TASK TO COMPLETE
Transcribe all of the data exactly. Omit the pictures.
-- INPUT follows --
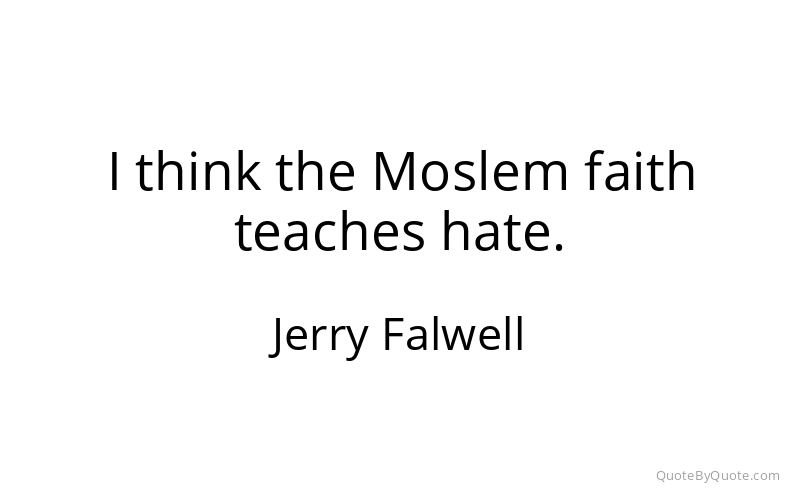 Preview image for this quote by Jerry Falwell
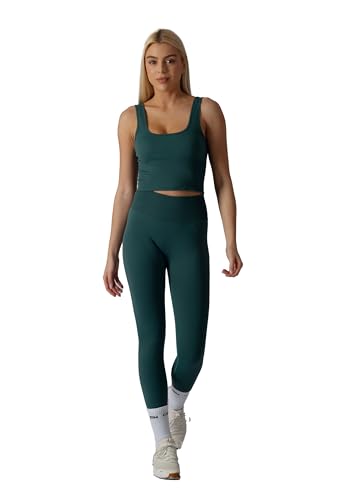 Leggings Mujer Carlheim mallas fitness elásticas ropa deportiva moldeadora transpirable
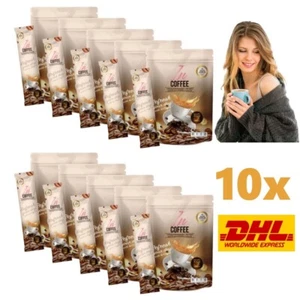 10X IN COFFEE Weight Management Reduce Belly Healthy Control Hunger Natural Slim - Picture 1 of 23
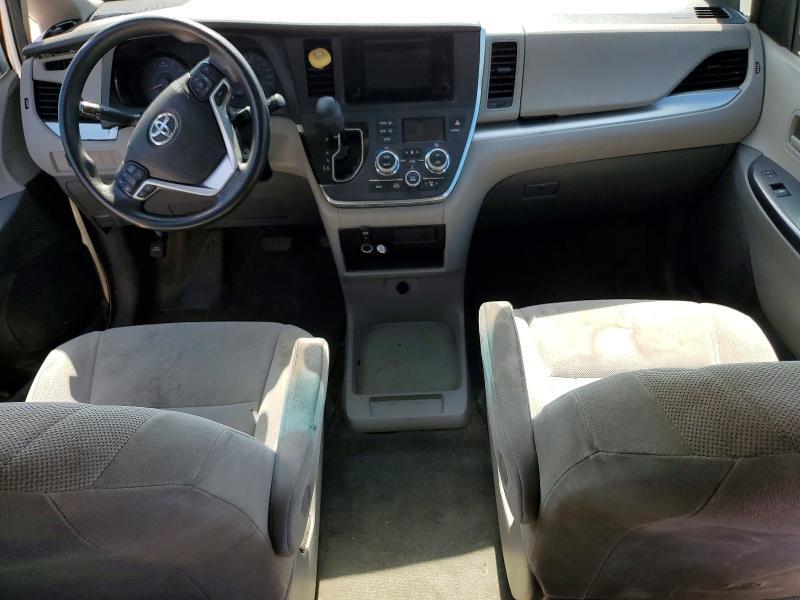 5TDZZ3DC9HS849510 2017 TOYOTA SIENNA photo no. 8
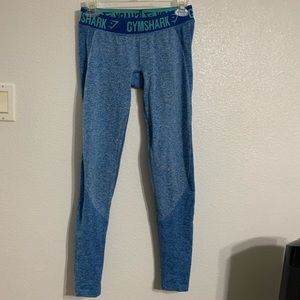 Blue Gymshark Flex Leggings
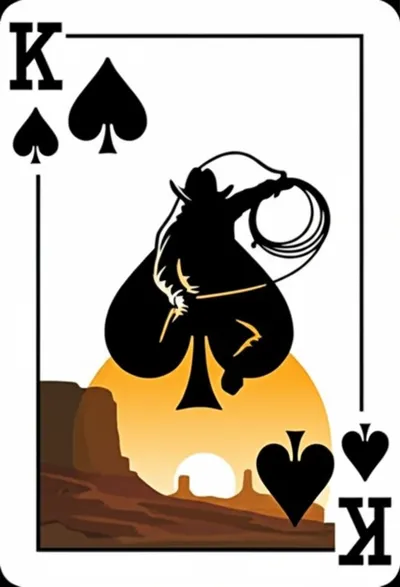 Illustration cowboy - Image 1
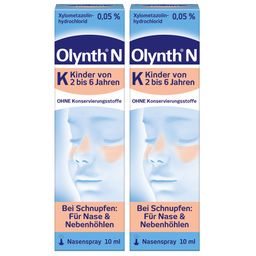 Olynth® 0,05% Nasenspray für Kinder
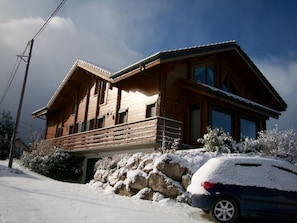 Façade de lâhĂ©bergement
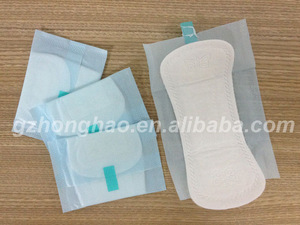 Feminine Hygiene Products Free Panty Liner Samples Women Pad Sanitary Napkin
-- INPUT concluded --
RESPONSE FOR THIS EXERCISE
 Preview image for this quote by Jerry Falwell
 Leggings Mujer Carlheim mallas fitness elásticas ropa deportiva moldeadora transpirable
 10X IN COFFEE Weight Management Reduce Belly Healthy Control Hunger Natural Slim - Picture 1 of 23
 5TDZZ3DC9HS849510 2017 TOYOTA SIENNA photo no. 8
 Blue Gymshark Flex Leggings
 Illustration cowboy - Image 1
 Olynth® 0,05% Nasenspray für Kinder
 Façade de lâhĂ©bergement
 Feminine Hygiene Products Free Panty Liner Samples Women Pad Sanitary Napkin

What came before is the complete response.